Jakarta (ANTARA News) - Pemerintah makin fokus menggenjot kinerja industri pengolahan berorientasi ekspor untuk memperbaiki struktur perekonomian saat ini, mengingat produk manufaktur telah memberikan kontribusi terbesar pada ekspor nasional.

"Industri manufaktur mampu menyumbang nilai ekspor hingga 74 persen. Selain itu, berkontribusi terhadap PDB sebesar 20 persen serta untuk perpajakan sekitar 30 persen," kata Menteri Perindustrian Airlangga Hartarto lewat keterangannya di Jakarta, Minggu.

Dari capaian tersebut, lanjutnya, industri manufaktur berperan penting dalam memacu nilai investasi dan ekspor, sehingga menjadi sektor andalan untuk mengakselerasi pertumbuhan ekonomi nasional.

Oleh karena itu, pemerintah berkomitmen merevitalisasi industri manufaktur melalui pelaksanaan peta jalan Making Indonesia 4.0 agar juga siap memasuki era revolusi industri 4.0.

"Roadmap menyebutkan, kenaikan signifikan ekspor netto akan menggerakkan pertumbuhan ekonomi. Diperkirakan, 5-10 persen rasio ekspor netto terhadap PDB pada tahun 2030,¿ ungkap Menperin.

Artinya, pada era digital, industri manufaktur nasional akan lebih berdaya saing di kancah global.

Kementerian Perindustrian mencatat ekspor dari industri pengolahan nonmigas terus meningkat dalam empat tahun terakhir.

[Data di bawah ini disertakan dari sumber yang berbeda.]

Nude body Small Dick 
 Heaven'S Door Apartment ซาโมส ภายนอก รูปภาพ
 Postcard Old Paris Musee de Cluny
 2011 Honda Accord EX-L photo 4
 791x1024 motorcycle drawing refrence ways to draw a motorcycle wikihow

Pada 2015, nilai ekspor produk manufaktur mencapai 108,6 miliar dolar AS dan naik menjadi 110,5 miliar dolar AS pada 2016.

Lalu, pada 2017, tercatat di angka 125,1 miliar dolar AS dan melonjak hingga 129,9 miliar dolar AS pada 2018.

"Jadi, pada tahun 2019, kami akan lebih genjot lagi sektor industri untuk meningkatkan ekspor, terutama yang punya kapasitas lebih," ungkapnya.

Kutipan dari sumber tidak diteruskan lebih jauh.